━━━ Data for this task ━━━
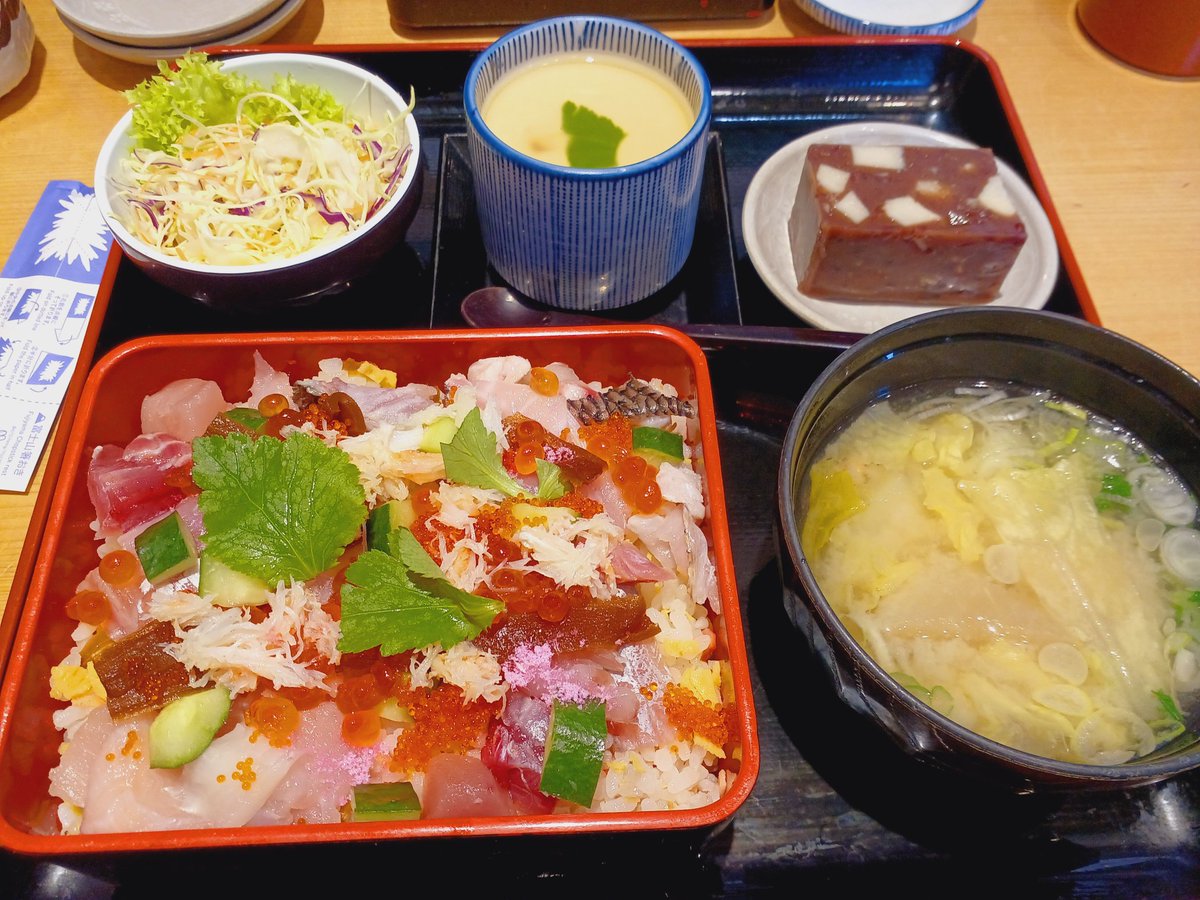 ひな祭りちらしセット。 ちらし寿司は刻み椎茸や刻みかんぴょう、高野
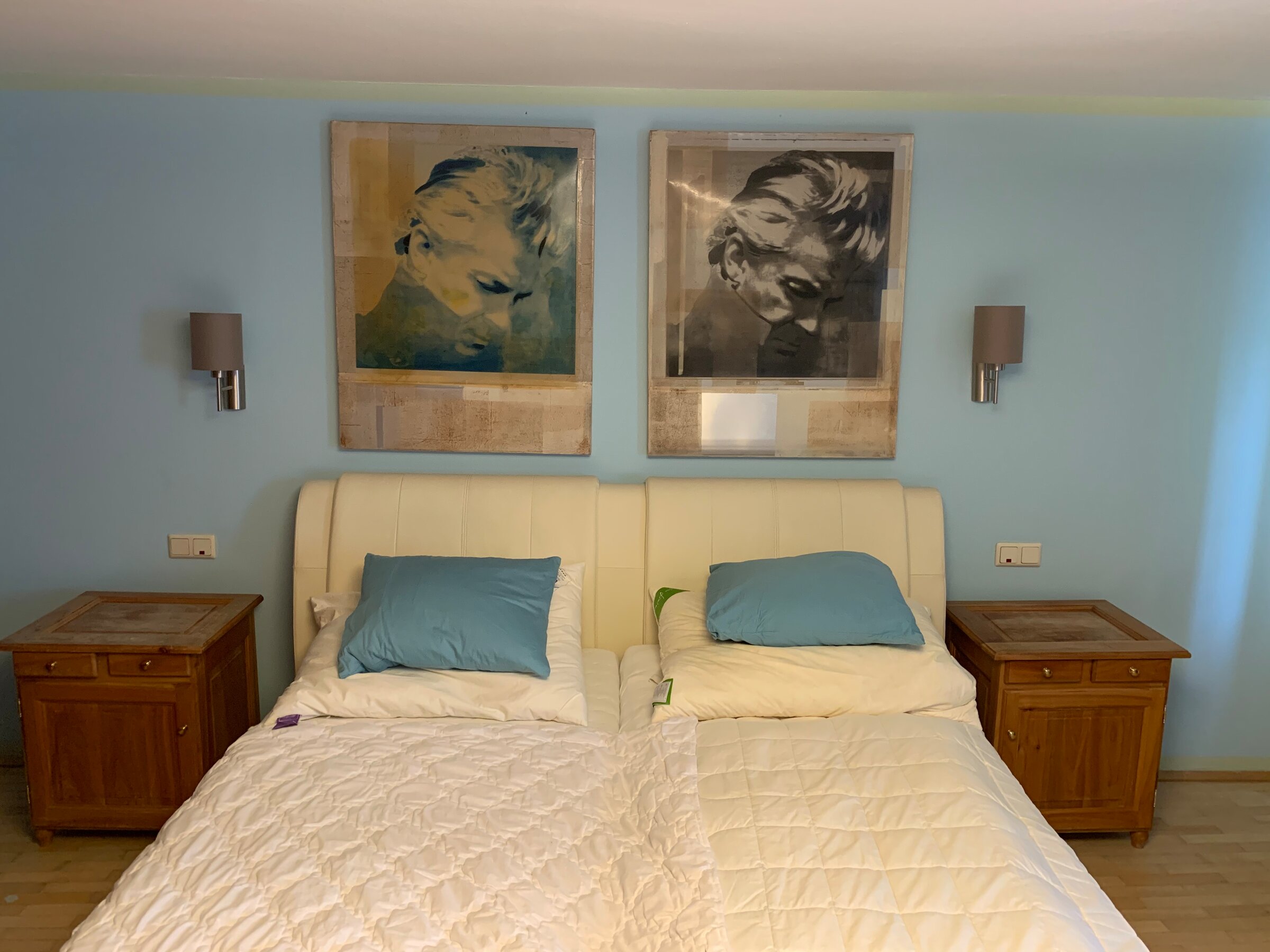 Schlafzimmer mit Doppelbett und Kleiderschränke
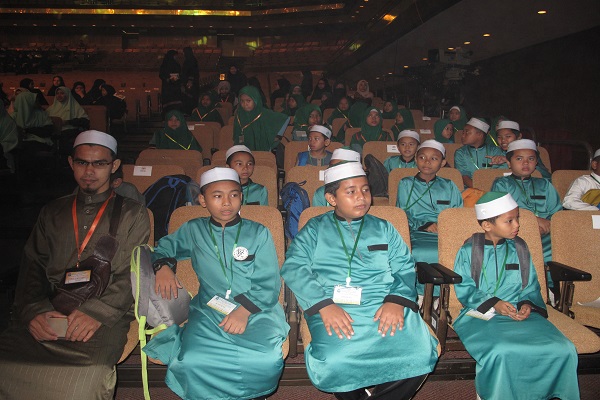 تلاوت حزن&zwnj;انگیزی که اشک حضار را درآورد / غوغای پدیده خردسال سنگالی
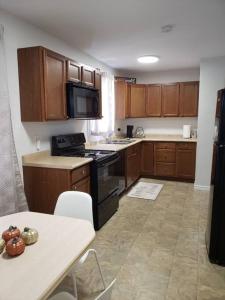 Kitchen o kitchenette sa Sweethome - 10 min to Rogers Place & so much more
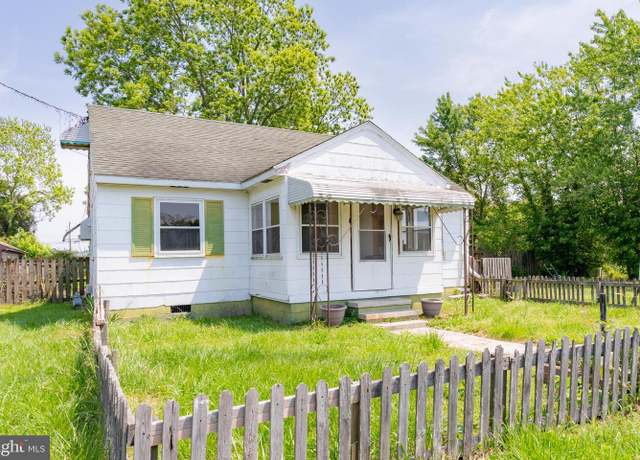 Property at 207 Purnell St, Snow Hill, MD 21863, 3 beds, 1 bath
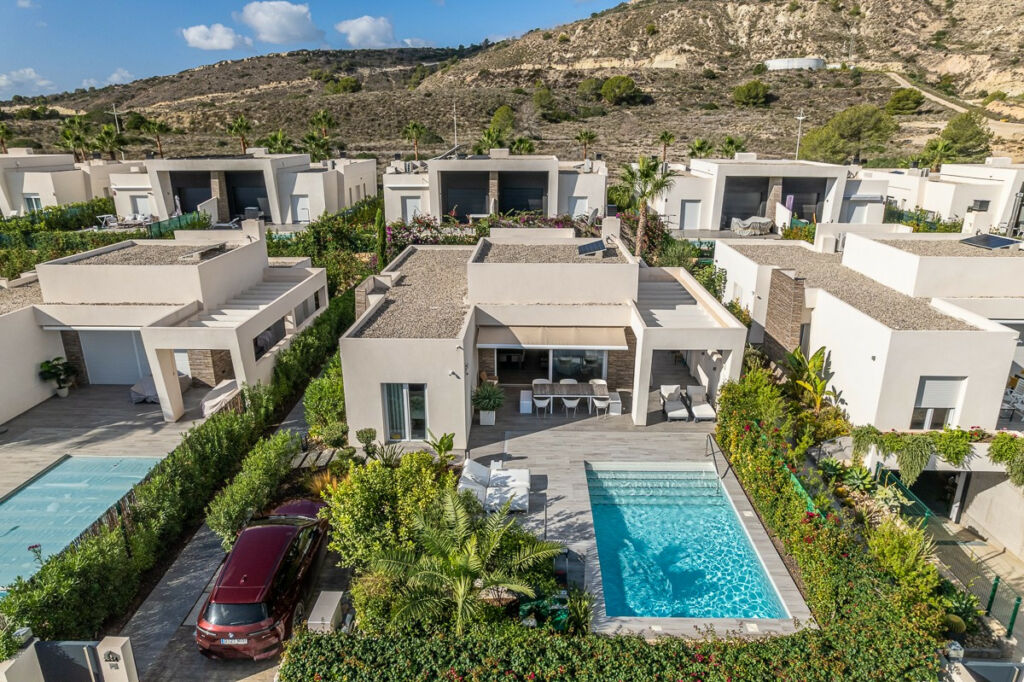 Detached Villa Algorfa Alicante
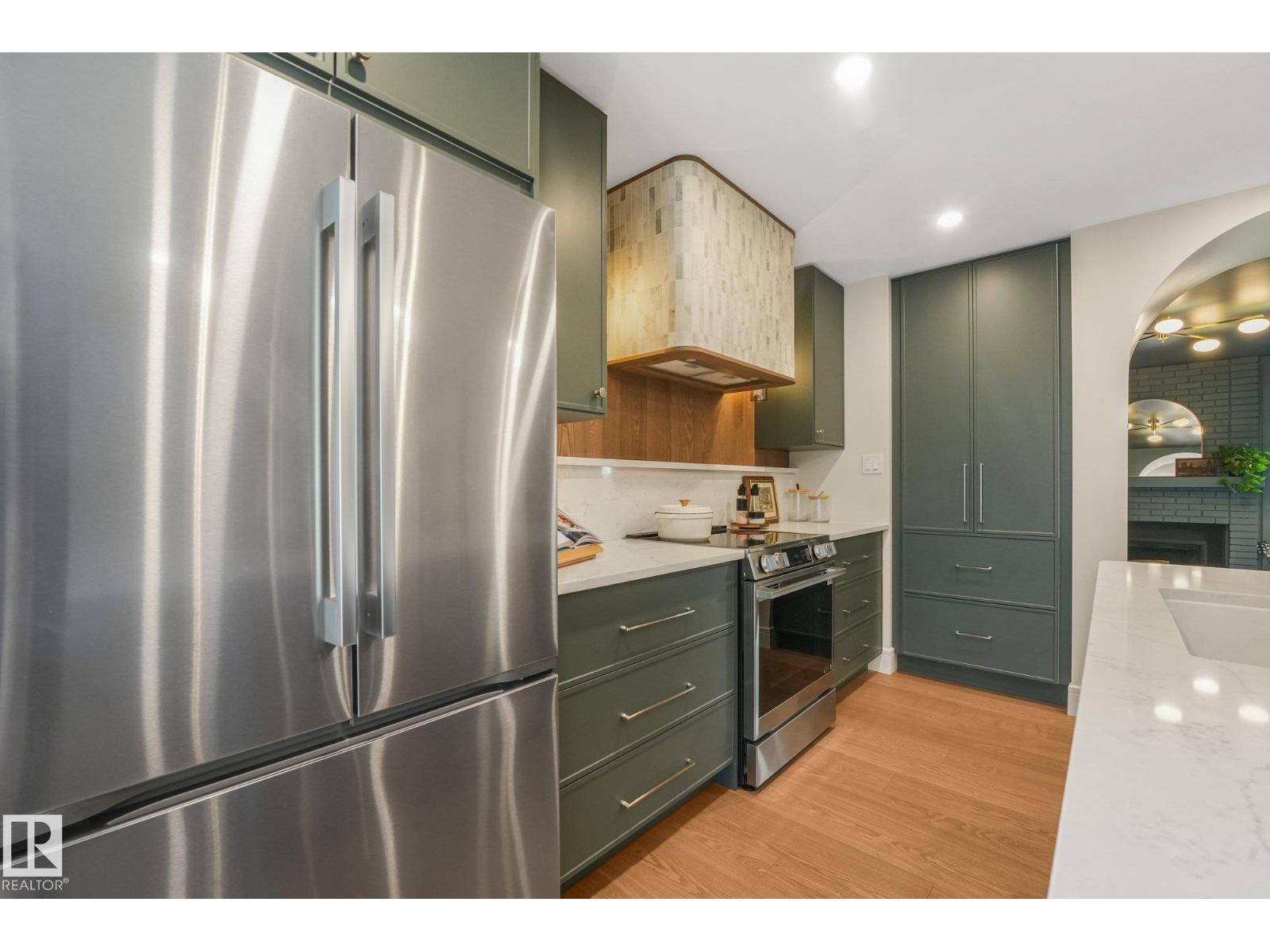 2031 104a St Nw Property Photo 20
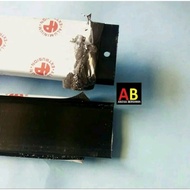 Lis U Aluminium 1.2cm x 5cm x 1.2cm Black Panjang 199.5cm [PROMO]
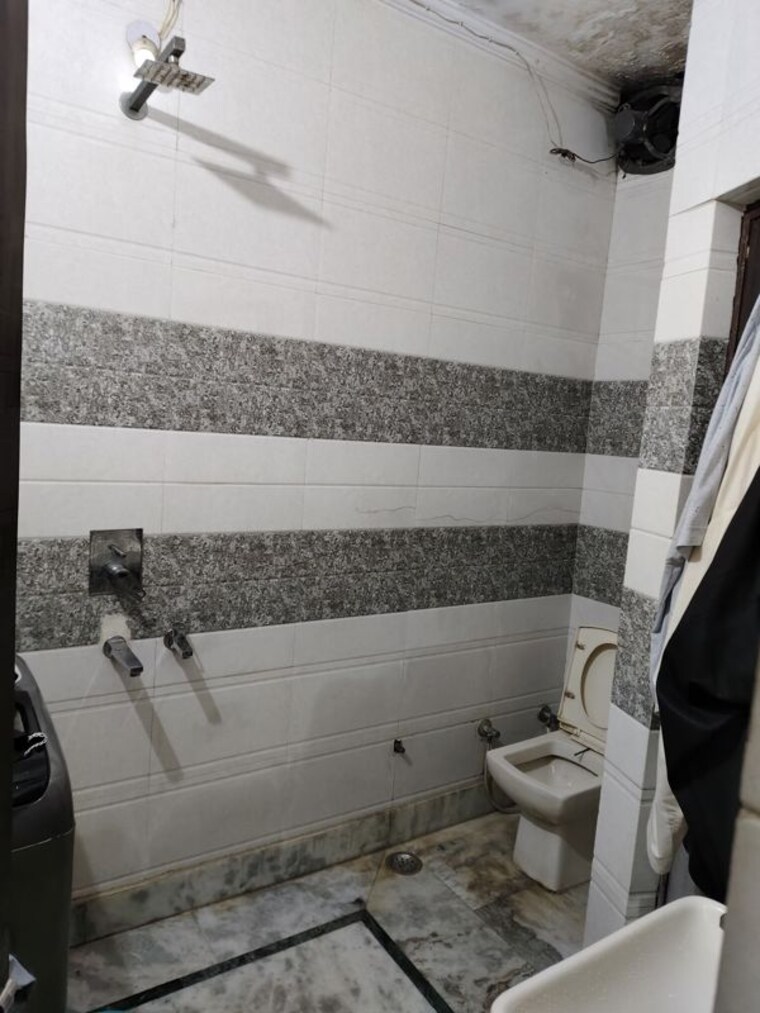 Bathroom, west patel nagar 1 Bedroom 633 Sq.Ft. Builder Floor In West Patel Nagar Delhi 9980687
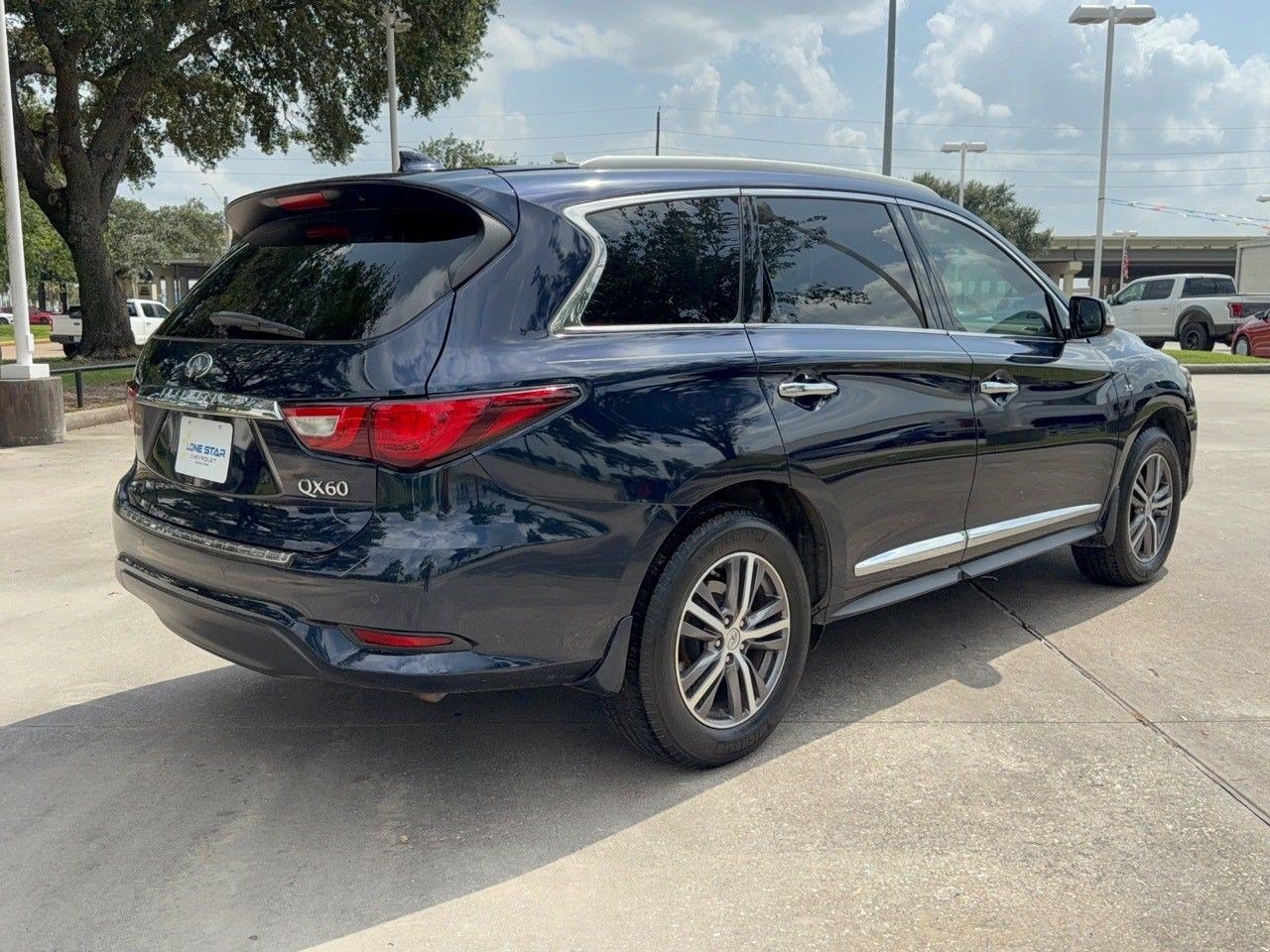 Used 2016 INFINITI QX60 FWD w/ Premium Plus Package image 9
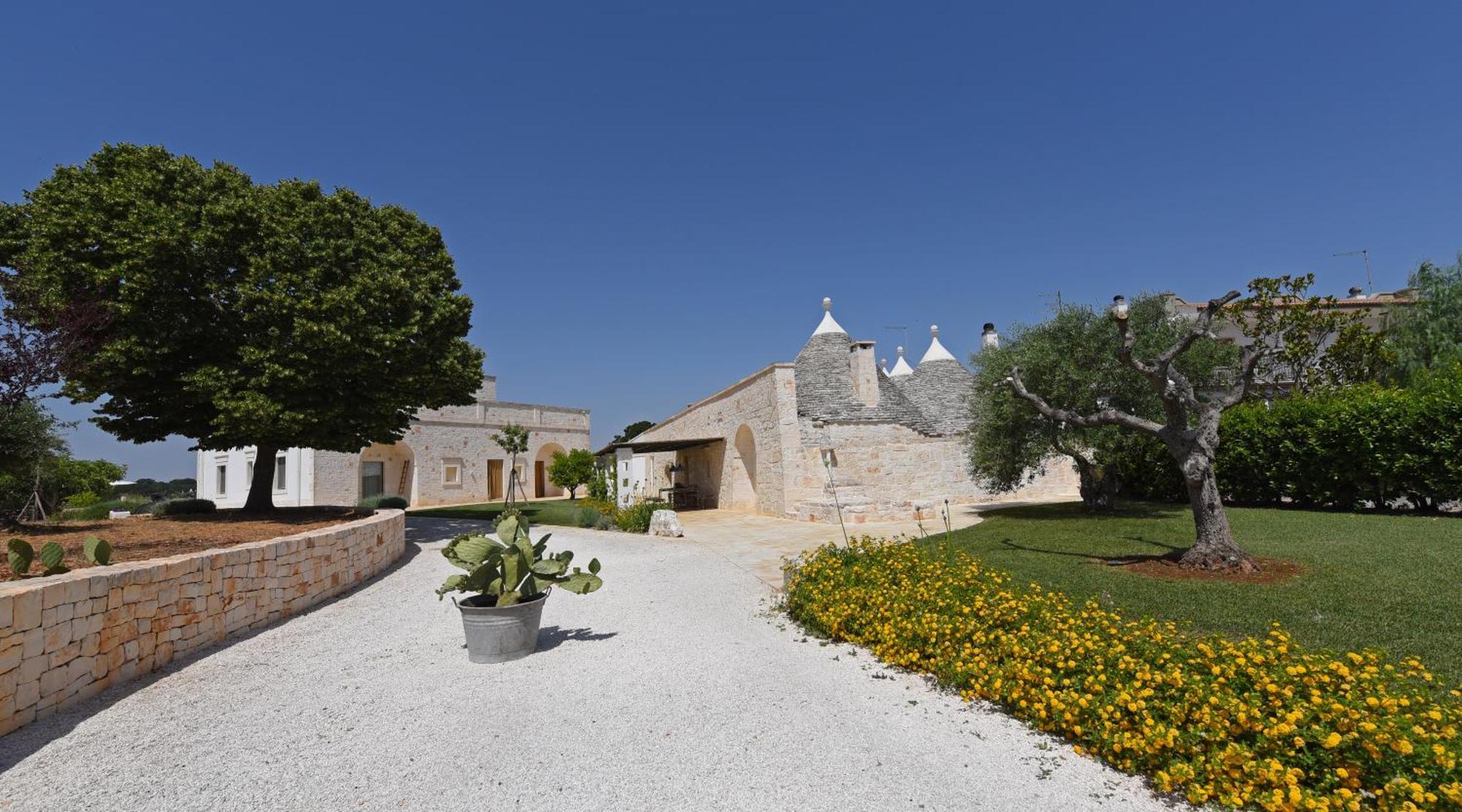 Trulli Di Mezza Villa Cisternino Luaran gambar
━━━
■ What you are asked to do ■
Your job is to copy each entry exactly as written; the pictures do not go in.

■ Final answer ■
 ひな祭りちらしセット。 ちらし寿司は刻み椎茸や刻みかんぴょう、高野
 Schlafzimmer mit Doppelbett und Kleiderschränke
 تلاوت حزن&zwnj;انگیزی که اشک حضار را درآورد / غوغای پدیده خردسال سنگالی
 Kitchen o kitchenette sa Sweethome - 10 min to Rogers Place & so much more
 Property at 207 Purnell St, Snow Hill, MD 21863, 3 beds, 1 bath
 Detached Villa Algorfa Alicante
 2031 104a St Nw Property Photo 20
 Lis U Aluminium 1.2cm x 5cm x 1.2cm Black Panjang 199.5cm [PROMO]
 Bathroom, west patel nagar 1 Bedroom 633 Sq.Ft. Builder Floor In West Patel Nagar Delhi 9980687
 Used 2016 INFINITI QX60 FWD w/ Premium Plus Package image 9
 Trulli Di Mezza Villa Cisternino Luaran gambar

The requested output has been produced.